The greedy Genovese called for a meeting of all the crime bosses, underbosses, captains, and respected Mafia men in America, which was to take place in the sleepy town of Apalachin, New York, at the home of Joseph Barbara, a capo in the crime family of Buffalo crime boss Stephano Magaddino. There were several items on Genovese's agenda, but the prime one was that Genovese would announce himself as the " Capo Di Tutti Capi," or "Boss of All Bosses," a title that had been vacant since the death of Salvatore Maranzano.


On November 17, 1957, scores of mobsters made their way to Barbara's home. Included in the group were crime bosses John Scalish, from Cleveland, Sam Giancana from Chicago, Frank DeSimone from California, Santo Trafficante from Florida, Gerardo Catena and Frank Majuri from New Jersey, and Carlo Gambino, Joe Profaci, Tommy Lucchese, and Vito Genovese from New York City.


However, before the festivities got under way, state Sergeant Edgar Roswell, along with a dozen state troopers, stormed the house. Roswell later said that he became suspicious when he saw Joseph Barbara Jr. make hotel reservation for a dozen or so out-of-towners. Roswell said he then drove by the Barbara residence and saw dozens of parked luxury car parked in and around Barbara's estate. Roswell said he called for heavy backup, and when his troopers arrived, they made their move.


Another rumor later circulated that it was Meyer Lansky himself, no big fan of Vito Genovese, who had tipped off the state troopers about the impending Mafia convention.


Be that as it may, when the troopers stormed the house, Mafioso, like in a Chinese fire drill, scattered in all directions. Men in expensive suits jumped though open windows, and if they could not make it to their cars, they hightailed it on foot through the woods, ruining their patent-leather shoes.
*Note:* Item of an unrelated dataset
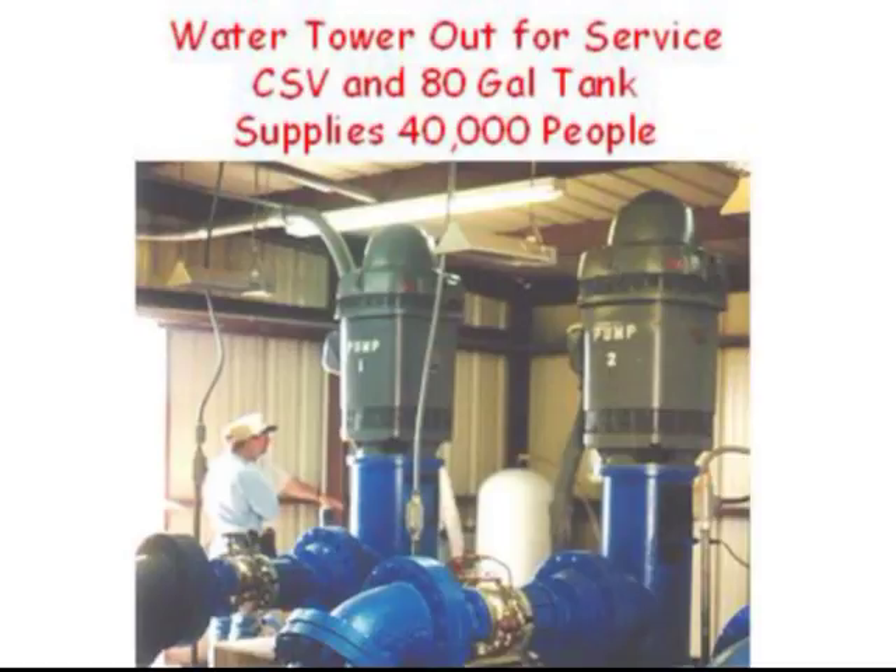When water towers are taken offline for service, a single Cycle Stop Valve can supply any flow rate from a few leaky toilets to peak demand for an entire city of 40,000 people.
Sam Giancana safely escaped by fleeing through the woods, as did Bonnano underboss Carmine Galente. But both men were a mess; their suits destroyed by thorny bushes. Some cars made it off the property before a roadblock was put in place, but most didn't. When the dust cleared 58 members of the Mafia were detained and told to empty out their pockets. A total of $300,000 in cash was found on the 58 men, making the state police all the more suspicious about the meeting.


What was notable about the meeting was the men who chose not to attend. Besides Lansky, those absent were Frank Costello, Carlo Marcello from New Orleans, and Lansky's pal Joseph "Doc" Stracher.


Of the 58 men detained, 27 were indicted on obstruction of justice, 20 of whom were convicted of refusing to answer questions about the purpose of the meeting. One of the men convicted was Gambino's cousin Paul Castellano, who wound up doing a year in the slammer as a result.


The aborted meeting, more than anything else, led to the downfall of Vito Genovese. Not only did he not get the exalted title of "Boss of All Bosses," but he became a pariah in the Mafia; ridiculed as being stupid and greedy for calling so many important men to the same place at the same time for his own purposes.


The day after the raid, the entire nation's newspapers ran front page stories about the incident. No longer could Mafia men claim that the Mafia did not exist. The police, and FBI Director J. Edgar Hoover, who for years denied the existence of the Mafia, went on a rampage, putting extreme pressure on the Mafia's operations.


Although at first, Carlo Gambino seemed to be a victim of circumstances, the wily mob veteran plotted to turn the incident to his advantage. In fact, there was speculation that Gambino knew about the raid in advance, and went there purposely so that no would would suspect him of being in on the treachery; which would make sense in light of further developments.


With Genovese still stewing from his loss of face, Gambino colluded with Frank Costello, Meyer Lansky, and Lucky Luciano (still in exile in Italy, but able to move freely into Cuba to meet with his pals) to get Genovese up to his neck in a multi-million dollar international drug deal. Even thought dealing in drugs was forbidden by the Mafia, the greedy Genovese could not resist the urge to make a ton of dough.


When the time was right, Gambino tipped off the Narcotics Bureau about the drug deal, resulting in Genovese's arrest. At Genovese's trial, Gambino paid a false witness named Nelson Cantellops, who insisted on the witness stand that Genovese was not only involved in this particular drug deal, but was, in fact, involved in dozens of drug deals throughout the years. As a result, Genovese was sentence to 15 years in prison. Genovese served a little more than ten years of his sentence, before he died in prison on February 14, 1969.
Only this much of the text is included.